**EXTRACTED INFORMATION**

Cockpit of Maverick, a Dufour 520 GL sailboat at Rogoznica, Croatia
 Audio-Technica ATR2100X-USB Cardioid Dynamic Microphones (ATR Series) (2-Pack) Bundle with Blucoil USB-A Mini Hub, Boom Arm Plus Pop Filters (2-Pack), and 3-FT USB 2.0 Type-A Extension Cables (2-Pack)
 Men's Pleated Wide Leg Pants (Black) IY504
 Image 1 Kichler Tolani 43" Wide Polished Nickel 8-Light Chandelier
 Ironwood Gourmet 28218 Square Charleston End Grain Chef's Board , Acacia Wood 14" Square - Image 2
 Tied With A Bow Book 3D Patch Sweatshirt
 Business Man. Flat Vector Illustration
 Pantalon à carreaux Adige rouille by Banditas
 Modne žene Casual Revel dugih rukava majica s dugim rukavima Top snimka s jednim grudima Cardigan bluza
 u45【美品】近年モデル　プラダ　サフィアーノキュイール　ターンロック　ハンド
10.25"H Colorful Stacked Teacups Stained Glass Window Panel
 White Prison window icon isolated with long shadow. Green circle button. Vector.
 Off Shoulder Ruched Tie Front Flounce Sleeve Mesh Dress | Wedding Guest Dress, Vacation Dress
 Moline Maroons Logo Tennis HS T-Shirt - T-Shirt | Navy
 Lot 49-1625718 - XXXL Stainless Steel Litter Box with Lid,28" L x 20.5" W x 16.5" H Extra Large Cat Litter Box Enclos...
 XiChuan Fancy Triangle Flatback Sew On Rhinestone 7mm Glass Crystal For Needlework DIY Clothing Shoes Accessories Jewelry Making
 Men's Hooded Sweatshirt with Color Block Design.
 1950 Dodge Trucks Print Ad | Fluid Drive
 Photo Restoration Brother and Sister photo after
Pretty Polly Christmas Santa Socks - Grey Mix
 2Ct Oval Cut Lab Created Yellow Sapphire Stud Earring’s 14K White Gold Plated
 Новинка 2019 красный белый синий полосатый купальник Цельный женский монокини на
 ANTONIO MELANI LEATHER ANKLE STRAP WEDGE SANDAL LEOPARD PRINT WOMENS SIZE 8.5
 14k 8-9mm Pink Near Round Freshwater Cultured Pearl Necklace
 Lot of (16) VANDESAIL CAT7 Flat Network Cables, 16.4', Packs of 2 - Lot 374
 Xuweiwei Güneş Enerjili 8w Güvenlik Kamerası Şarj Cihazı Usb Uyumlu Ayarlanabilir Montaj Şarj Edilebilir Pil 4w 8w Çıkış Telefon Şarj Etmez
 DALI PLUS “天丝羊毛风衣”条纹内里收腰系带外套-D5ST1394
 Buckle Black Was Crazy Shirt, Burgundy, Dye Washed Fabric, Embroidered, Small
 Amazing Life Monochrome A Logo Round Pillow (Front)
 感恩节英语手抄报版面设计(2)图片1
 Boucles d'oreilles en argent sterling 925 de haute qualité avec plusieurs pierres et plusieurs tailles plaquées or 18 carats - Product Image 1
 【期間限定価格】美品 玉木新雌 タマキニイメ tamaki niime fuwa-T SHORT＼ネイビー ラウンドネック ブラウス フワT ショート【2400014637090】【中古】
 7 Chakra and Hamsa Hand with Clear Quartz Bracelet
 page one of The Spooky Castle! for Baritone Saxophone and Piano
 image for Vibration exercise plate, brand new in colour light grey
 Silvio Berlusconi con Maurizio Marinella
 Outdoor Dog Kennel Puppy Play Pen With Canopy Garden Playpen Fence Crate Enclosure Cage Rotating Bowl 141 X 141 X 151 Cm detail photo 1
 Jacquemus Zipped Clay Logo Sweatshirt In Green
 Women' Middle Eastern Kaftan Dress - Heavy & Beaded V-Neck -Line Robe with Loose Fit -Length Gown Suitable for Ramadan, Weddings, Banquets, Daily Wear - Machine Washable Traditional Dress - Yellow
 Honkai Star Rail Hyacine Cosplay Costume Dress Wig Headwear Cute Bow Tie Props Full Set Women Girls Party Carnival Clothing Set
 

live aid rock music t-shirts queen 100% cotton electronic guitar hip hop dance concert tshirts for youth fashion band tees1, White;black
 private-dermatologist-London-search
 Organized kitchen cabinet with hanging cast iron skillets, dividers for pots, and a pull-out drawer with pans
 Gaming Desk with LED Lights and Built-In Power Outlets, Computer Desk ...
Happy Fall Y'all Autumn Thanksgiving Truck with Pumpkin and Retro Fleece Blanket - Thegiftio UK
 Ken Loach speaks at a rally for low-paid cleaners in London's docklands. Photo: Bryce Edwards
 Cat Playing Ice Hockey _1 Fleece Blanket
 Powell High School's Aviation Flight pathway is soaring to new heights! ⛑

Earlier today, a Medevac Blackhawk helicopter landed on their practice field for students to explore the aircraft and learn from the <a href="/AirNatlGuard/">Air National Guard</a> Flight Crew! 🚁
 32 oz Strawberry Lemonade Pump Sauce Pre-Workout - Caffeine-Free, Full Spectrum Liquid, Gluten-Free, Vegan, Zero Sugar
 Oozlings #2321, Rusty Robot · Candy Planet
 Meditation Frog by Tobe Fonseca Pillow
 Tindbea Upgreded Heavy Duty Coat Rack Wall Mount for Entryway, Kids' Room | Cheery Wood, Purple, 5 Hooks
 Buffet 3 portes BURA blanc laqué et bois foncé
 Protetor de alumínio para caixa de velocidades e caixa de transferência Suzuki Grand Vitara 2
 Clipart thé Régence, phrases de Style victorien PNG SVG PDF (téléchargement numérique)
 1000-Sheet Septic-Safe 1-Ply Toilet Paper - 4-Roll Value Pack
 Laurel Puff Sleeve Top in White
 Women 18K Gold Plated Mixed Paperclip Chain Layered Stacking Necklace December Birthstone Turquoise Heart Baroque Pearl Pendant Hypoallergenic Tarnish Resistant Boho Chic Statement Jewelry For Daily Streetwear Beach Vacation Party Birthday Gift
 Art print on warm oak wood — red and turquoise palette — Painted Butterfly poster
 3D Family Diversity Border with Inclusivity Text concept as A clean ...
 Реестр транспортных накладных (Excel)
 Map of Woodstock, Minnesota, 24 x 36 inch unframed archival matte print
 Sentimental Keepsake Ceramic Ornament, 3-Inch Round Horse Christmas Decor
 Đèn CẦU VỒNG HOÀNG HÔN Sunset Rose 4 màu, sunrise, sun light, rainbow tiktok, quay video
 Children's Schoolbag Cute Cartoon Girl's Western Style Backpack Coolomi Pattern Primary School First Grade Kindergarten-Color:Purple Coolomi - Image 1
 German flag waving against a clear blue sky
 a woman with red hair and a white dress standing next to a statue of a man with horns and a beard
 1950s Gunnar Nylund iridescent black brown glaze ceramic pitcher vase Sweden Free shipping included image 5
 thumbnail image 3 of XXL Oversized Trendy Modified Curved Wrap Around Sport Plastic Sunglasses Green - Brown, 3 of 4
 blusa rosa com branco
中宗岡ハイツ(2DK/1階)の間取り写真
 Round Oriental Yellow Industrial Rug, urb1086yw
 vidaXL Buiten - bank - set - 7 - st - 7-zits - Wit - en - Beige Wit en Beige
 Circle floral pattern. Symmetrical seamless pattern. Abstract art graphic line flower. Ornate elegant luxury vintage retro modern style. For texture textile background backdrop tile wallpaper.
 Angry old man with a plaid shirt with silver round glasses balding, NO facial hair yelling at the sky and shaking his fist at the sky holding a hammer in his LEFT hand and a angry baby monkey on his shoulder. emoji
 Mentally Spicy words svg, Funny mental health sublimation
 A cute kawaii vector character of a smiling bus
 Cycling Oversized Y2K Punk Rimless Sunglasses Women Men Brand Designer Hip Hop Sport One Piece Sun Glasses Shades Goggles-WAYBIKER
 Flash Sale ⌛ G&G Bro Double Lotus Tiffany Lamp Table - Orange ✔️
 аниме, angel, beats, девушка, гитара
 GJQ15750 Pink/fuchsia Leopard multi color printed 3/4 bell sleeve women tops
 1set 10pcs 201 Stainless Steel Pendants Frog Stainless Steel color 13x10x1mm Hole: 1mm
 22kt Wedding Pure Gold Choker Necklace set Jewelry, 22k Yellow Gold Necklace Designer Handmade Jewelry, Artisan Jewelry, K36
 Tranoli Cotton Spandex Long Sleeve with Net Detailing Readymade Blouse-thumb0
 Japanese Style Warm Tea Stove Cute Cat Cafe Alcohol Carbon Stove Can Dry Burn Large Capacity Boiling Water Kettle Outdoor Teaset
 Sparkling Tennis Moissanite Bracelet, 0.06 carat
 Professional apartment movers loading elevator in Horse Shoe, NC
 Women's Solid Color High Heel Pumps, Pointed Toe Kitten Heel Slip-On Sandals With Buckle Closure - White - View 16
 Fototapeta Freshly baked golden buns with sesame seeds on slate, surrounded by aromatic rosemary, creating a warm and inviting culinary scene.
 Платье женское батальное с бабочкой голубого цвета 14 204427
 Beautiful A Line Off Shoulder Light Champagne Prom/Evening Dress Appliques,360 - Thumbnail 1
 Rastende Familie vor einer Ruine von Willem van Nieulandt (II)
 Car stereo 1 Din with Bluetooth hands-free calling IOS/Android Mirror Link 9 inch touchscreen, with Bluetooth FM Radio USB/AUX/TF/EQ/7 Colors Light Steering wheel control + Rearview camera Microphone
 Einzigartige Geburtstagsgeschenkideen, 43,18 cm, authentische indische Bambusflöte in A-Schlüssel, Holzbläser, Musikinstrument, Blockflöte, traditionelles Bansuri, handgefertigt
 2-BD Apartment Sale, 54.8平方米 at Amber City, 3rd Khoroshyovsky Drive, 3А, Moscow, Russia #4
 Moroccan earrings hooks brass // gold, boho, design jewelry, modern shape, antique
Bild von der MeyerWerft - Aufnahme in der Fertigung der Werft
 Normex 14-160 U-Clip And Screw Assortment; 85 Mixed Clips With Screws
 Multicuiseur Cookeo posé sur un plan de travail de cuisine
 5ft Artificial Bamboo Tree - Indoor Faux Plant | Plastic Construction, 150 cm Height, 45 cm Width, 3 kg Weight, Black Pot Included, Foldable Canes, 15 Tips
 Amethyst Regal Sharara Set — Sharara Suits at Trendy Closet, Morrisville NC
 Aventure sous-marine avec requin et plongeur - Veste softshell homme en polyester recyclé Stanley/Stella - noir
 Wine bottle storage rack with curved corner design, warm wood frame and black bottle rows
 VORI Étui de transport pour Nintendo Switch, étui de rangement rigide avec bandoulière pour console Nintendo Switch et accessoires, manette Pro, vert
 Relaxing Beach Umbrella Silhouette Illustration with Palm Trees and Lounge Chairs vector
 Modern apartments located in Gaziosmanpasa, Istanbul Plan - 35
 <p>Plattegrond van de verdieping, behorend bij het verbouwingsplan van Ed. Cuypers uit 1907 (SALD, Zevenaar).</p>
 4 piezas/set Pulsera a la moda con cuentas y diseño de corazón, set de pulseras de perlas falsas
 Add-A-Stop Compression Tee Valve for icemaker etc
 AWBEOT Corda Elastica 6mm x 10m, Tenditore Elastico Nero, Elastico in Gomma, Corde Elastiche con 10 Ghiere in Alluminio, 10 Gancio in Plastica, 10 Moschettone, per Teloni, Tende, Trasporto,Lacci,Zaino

**EXERCISE PROMPT**
All lines in the listing above between the line with "page one of" and the line with "Protetor de alumínio", inclusive, should be set down exactly, and no line outside that range.

**SOLUTION TO THE EXERCISE**
 page one of The Spooky Castle! for Baritone Saxophone and Piano
 image for Vibration exercise plate, brand new in colour light grey
 Silvio Berlusconi con Maurizio Marinella
 Outdoor Dog Kennel Puppy Play Pen With Canopy Garden Playpen Fence Crate Enclosure Cage Rotating Bowl 141 X 141 X 151 Cm detail photo 1
 Jacquemus Zipped Clay Logo Sweatshirt In Green
 Women' Middle Eastern Kaftan Dress - Heavy & Beaded V-Neck -Line Robe with Loose Fit -Length Gown Suitable for Ramadan, Weddings, Banquets, Daily Wear - Machine Washable Traditional Dress - Yellow
 Honkai Star Rail Hyacine Cosplay Costume Dress Wig Headwear Cute Bow Tie Props Full Set Women Girls Party Carnival Clothing Set
 

live aid rock music t-shirts queen 100% cotton electronic guitar hip hop dance concert tshirts for youth fashion band tees1, White;black
 private-dermatologist-London-search
 Organized kitchen cabinet with hanging cast iron skillets, dividers for pots, and a pull-out drawer with pans
 Gaming Desk with LED Lights and Built-In Power Outlets, Computer Desk ...
Happy Fall Y'all Autumn Thanksgiving Truck with Pumpkin and Retro Fleece Blanket - Thegiftio UK
 Ken Loach speaks at a rally for low-paid cleaners in London's docklands. Photo: Bryce Edwards
 Cat Playing Ice Hockey _1 Fleece Blanket
 Powell High School's Aviation Flight pathway is soaring to new heights! ⛑

Earlier today, a Medevac Blackhawk helicopter landed on their practice field for students to explore the aircraft and learn from the <a href="/AirNatlGuard/">Air National Guard</a> Flight Crew! 🚁
 32 oz Strawberry Lemonade Pump Sauce Pre-Workout - Caffeine-Free, Full Spectrum Liquid, Gluten-Free, Vegan, Zero Sugar
 Oozlings #2321, Rusty Robot · Candy Planet
 Meditation Frog by Tobe Fonseca Pillow
 Tindbea Upgreded Heavy Duty Coat Rack Wall Mount for Entryway, Kids' Room | Cheery Wood, Purple, 5 Hooks
 Buffet 3 portes BURA blanc laqué et bois foncé
 Protetor de alumínio para caixa de velocidades e caixa de transferência Suzuki Grand Vitara 2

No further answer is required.